YOUR INSTRUCTIONS: Everything below from the line with "Hello lovelies! Today" through the line with "Along with these, we" must be retyped exactly, except the pictures.

STORED DATA:
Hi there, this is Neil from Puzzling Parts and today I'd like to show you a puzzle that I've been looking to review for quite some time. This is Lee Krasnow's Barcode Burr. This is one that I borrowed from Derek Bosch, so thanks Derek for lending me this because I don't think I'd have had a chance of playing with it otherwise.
...
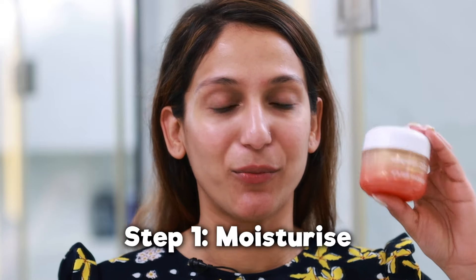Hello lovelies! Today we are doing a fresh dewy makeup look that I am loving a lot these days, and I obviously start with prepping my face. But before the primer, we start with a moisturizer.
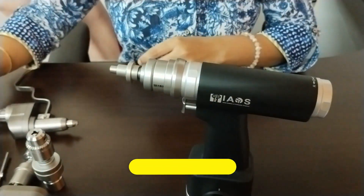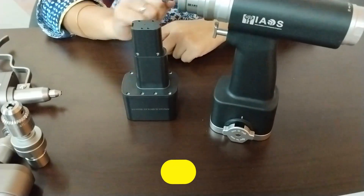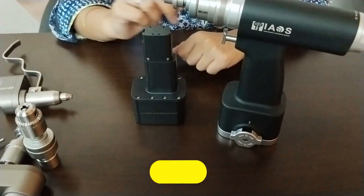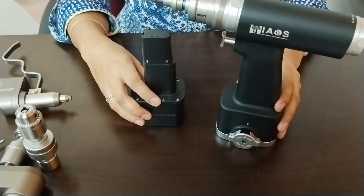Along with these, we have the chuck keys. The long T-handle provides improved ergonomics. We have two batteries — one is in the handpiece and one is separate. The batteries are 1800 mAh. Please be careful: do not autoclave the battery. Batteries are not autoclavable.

TASK RESPONSE:
Hello lovelies! Today we are doing a fresh dewy makeup look that I am loving a lot these days, and I obviously start with prepping my face. But before the primer, we start with a moisturizer.
Along with these, we have the chuck keys. The long T-handle provides improved ergonomics. We have two batteries — one is in the handpiece and one is separate. The batteries are 1800 mAh. Please be careful: do not autoclave the battery. Batteries are not autoclavable.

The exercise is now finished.